Gambling interests seeking permission to move into a state like to tell voters that neighboring states are already profiting from casinos and lotteries, so they...

Gambling interests seeking permission to move into a state like to tell voters that neighboring states are already profiting from casinos and lotteries, so they might as well cash in themselves. In Alabama, this argument is playing out a little bit differently. There, the gaming industry already has big operations, and it is telling local governments to take some of the profits--even if that means bending the law a little bit.
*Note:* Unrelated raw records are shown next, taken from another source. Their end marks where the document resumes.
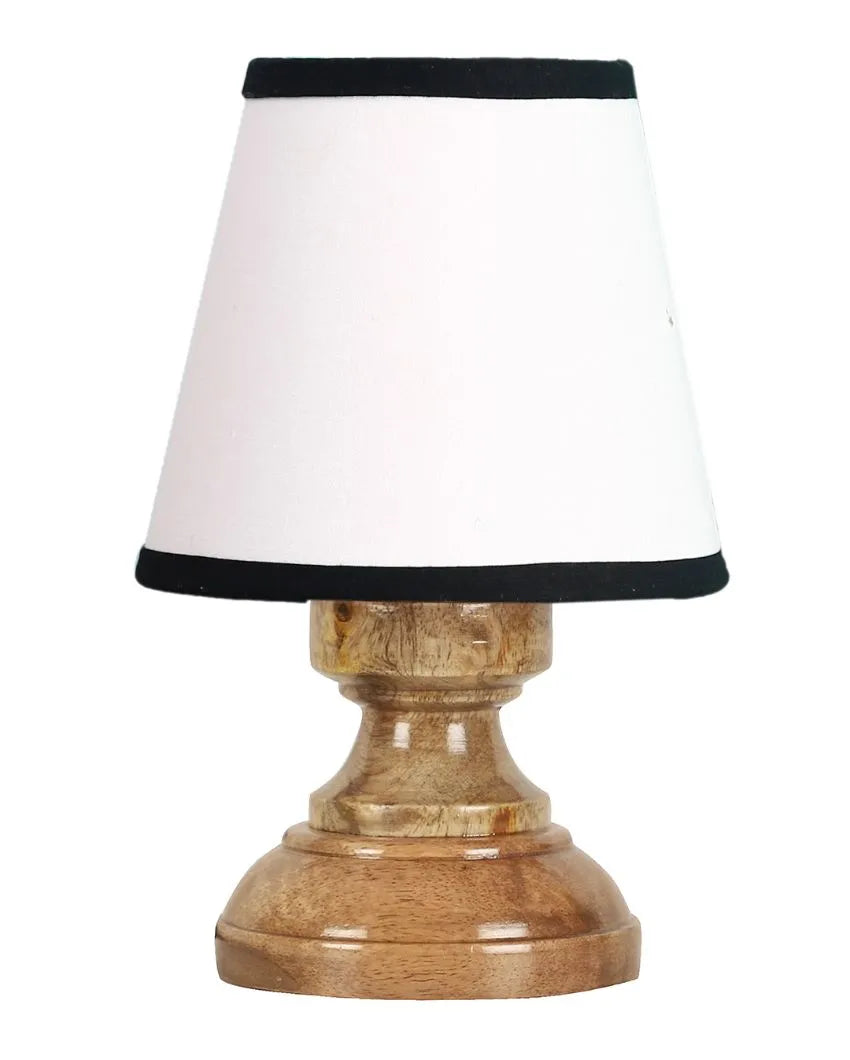 Classic White & Black Cotton Natural Wooden Base Table Lamp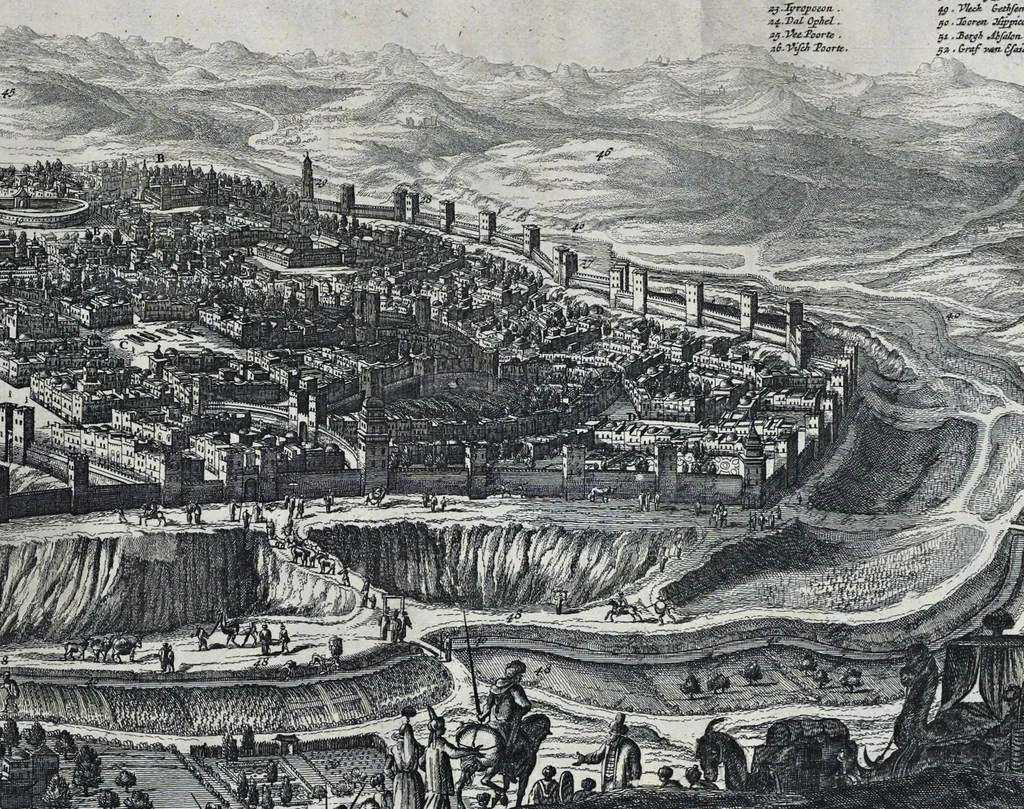 An illustration from Naukeurige beschryving van gantsch Syrie, en Palestyn of Heilige Lant... Verrijkt met lantkaerten en afbeeldingen... in koper gesneden, 1677, leaf 682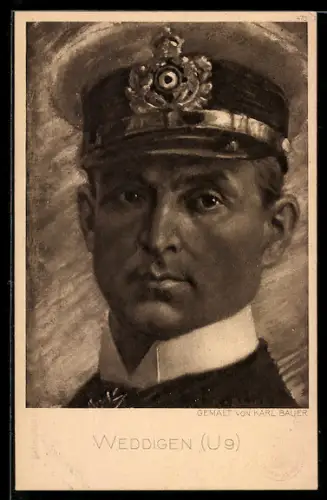 Künstler-AK Portrait von Kapitänleutnant Otto Weddigen, Kommandant vom U-Boot U-9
Most forms of gambling are banned in Alabama, but many counties allow exemptions for charitable bingo games. That has turned into an enormous loophole. Gaming companies, looking for ways to skirt the state ban on slot machines, came up with the idea of electronic bingo games. And electronic bingo has mushroomed into an enormous business in Alabama. In Walker County, just north of Birmingham, the machines have been taking in an astonishing $2 billion per year and supporting 1,000 jobs.

But an Alabama circuit judge ruled in October that the bingo machines in Walker County were simply slot machines that happened to have a bingo format. A few days later, the Birmingham city council repealed its ordinance permitting electronic bingo. "If they are slot machines," says Joe Basgier, a prosecutor in Birmingham, "anyone who possesses them is committing a crime in the state of Alabama, and they are subject to seizure."

Judges in other counties and on the federal bench have issued similar rulings. But because each county's law is different, casino operators are keeping their doors open as long as they can. It's easy to see why. The city of Fairfield, Alabama, had been running a deficit until electronic bingo exploded there over the past year. Now, permit fees and occupational and sales taxes generate $300,000 a month for the local treasury. City Attorney Michael Trucks says he's confident the casinos are legal, but he admits he's "nervous as a long-tailed cat in a roomful of rocking chairs."

A county judge is expected to issue a ruling shortly on the situation in Fairfield. But both advocates and opponents of gambling expect that the Alabama Supreme Court will step in eventually and settle the issue statewide. That might be bad news for the bingo parlors. Alabama law makes it pretty clear that anything that looks or sounds like a slot machine is a slot machine. The question, says Todd Stacy, an aide to Governor Bob Riley, is "can organized gambling come into a state and try to write the law by default, because they crept in here?"